Plámás is an Irish word that lacks a precise English equivalent. It means a special kind of empty flattery, disingenuous praise, or pleasing, but soft-soaping, bullshit, offered the better to smooth over a particular difficulty or advance towards a particular objective.
It is the currency, the bread-and-butter, of Irish politics where everyone is a ‘grand man’ or a ‘gas fella’ and all things may be possible, at all times, for all people. You may divide Irish politicians between the natural plámásers (Charlie Haughey, for
instance) and those for whom it is a learned but never fluent skill (Garret Fitzgerald). Most of the time, the naturals win.

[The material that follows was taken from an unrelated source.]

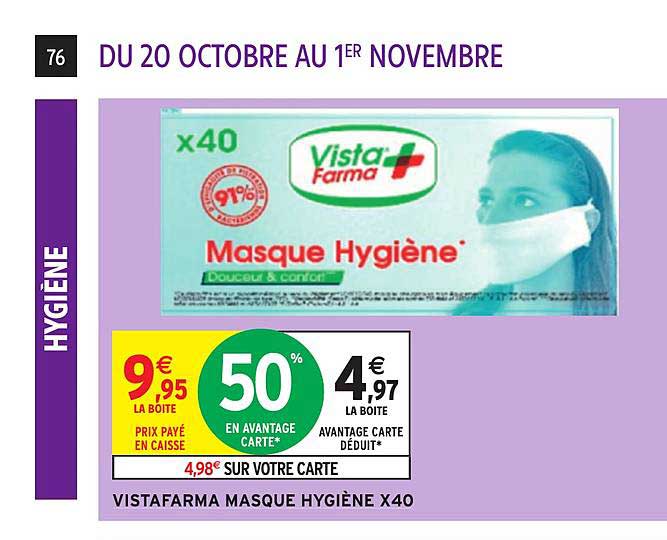 vistafarma masque hygiène x40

Leo Varadkar is not a natural. There are some wise folk in Ireland who think Anglo-Irish relations might be a little less fraught right now if he were. The Taoiseach says what he thinks and may, on occasion, say it a little too obviously. He is not a Bertie Ahern or even an Enda Kenny, each of whom might have made a greater show of flattering the British during these wretched, interminable, Brexit negotiations.

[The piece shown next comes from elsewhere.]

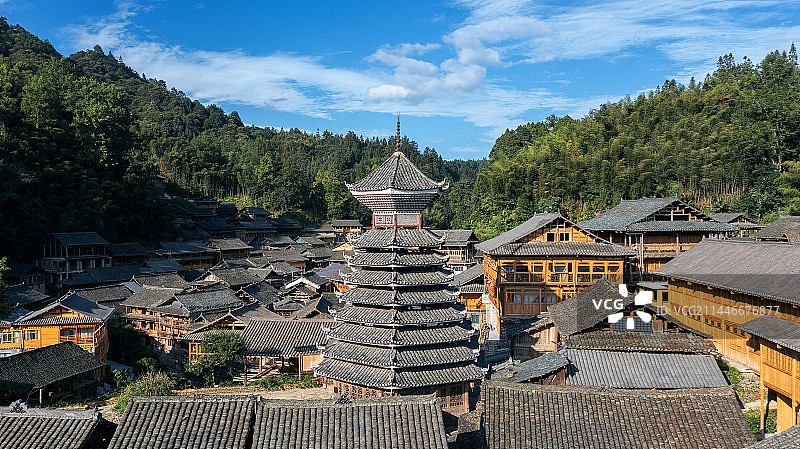 贵州榕江县大利侗寨风光图片素材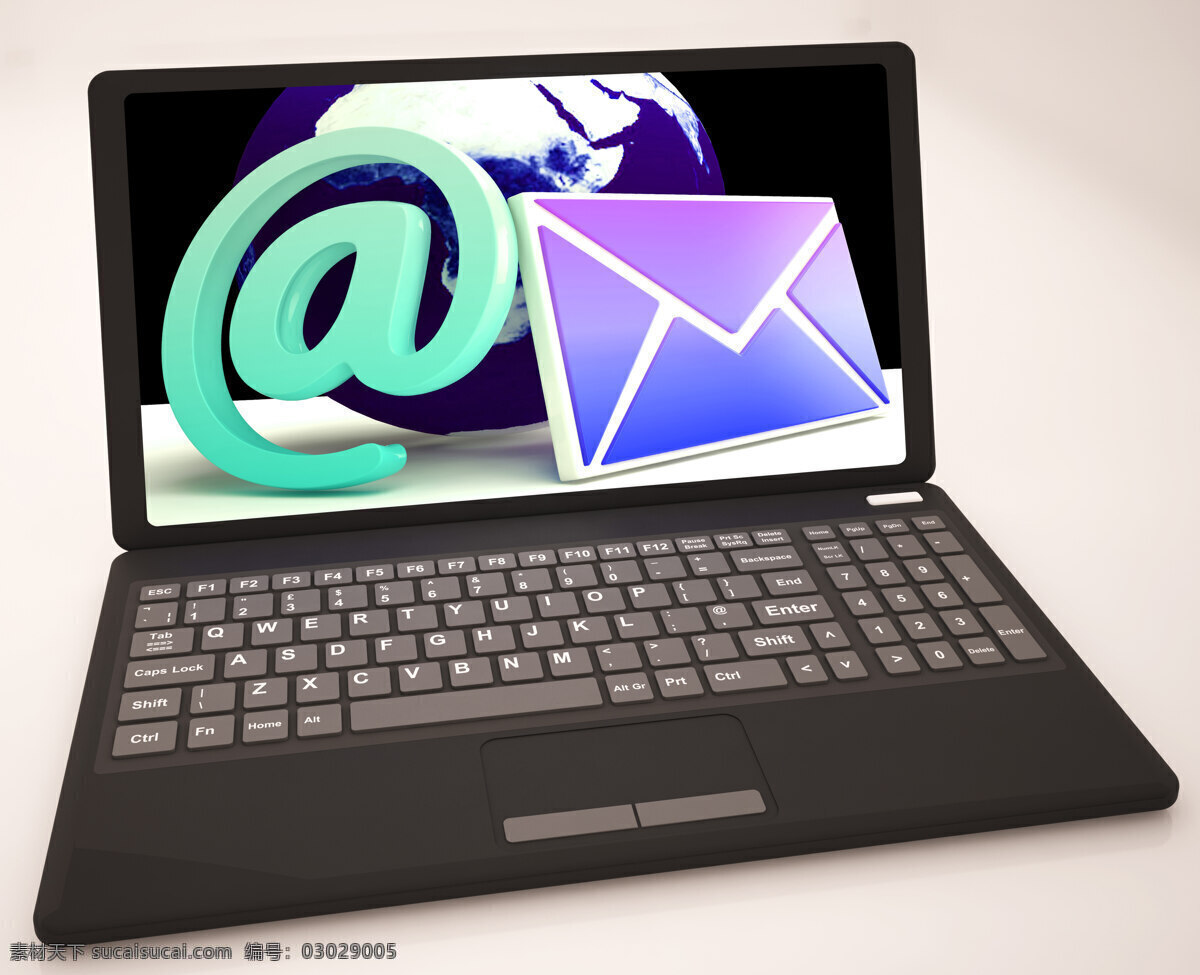 笔记本 电脑 电子邮件 符号 显示 在线 邮件 白色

But when you look at some of the commentary on Ireland published in this country lately you can see why the Irish despair at the turn events have taken. Nick Watt, political editor of Newsnight, quoted a once-modernising Tory grandee who complained that ‘We simply cannot allow the Irish to treat us like this. This simply cannot stand. The Irish really should know their place.’ I am afraid this was a revealing moment and certainly one treated as such in Dublin.
Nor, I’m afraid, was this a rogue iteration of the fundamental view in Whitehall. Back in November 2017, according to two sources cited by RTE’s Tony Connelly, Theresa May told Donald Tusk that all this nonsense about the Irish question was a deplorable distraction. After all, the UK is a ‘much bigger and more important country than Ireland’. Know thy place, Paddy.

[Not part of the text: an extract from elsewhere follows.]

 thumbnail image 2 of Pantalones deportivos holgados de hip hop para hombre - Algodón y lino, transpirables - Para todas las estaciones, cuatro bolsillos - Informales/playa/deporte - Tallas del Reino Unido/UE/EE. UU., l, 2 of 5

Now, according to Brendan O’Neill of this parish, the way Varadkar talks about Britain is ‘astonishing’. Since most of Varadkar’s comments have amounted to a statement of the bleeding obvious – namely, that the UK is plainly divided over Brexit and it has not always been easy to establish quite what its government is trying to achieve – you need to be a feeble-hearted contrarian to find any of it in the least bit astonishing.
But then it is striking how so many rock-ribbed tellers of unpopular truths suffer from fainting fits whenever someone else dares to question even some of their assumptions. How very dare they! According to O’Neill, however, Varadkar holds ‘the elitist, practically imperial belief that what is good for his government – his foreign government – is more important than what the British people themselves, in their millions, voted for’.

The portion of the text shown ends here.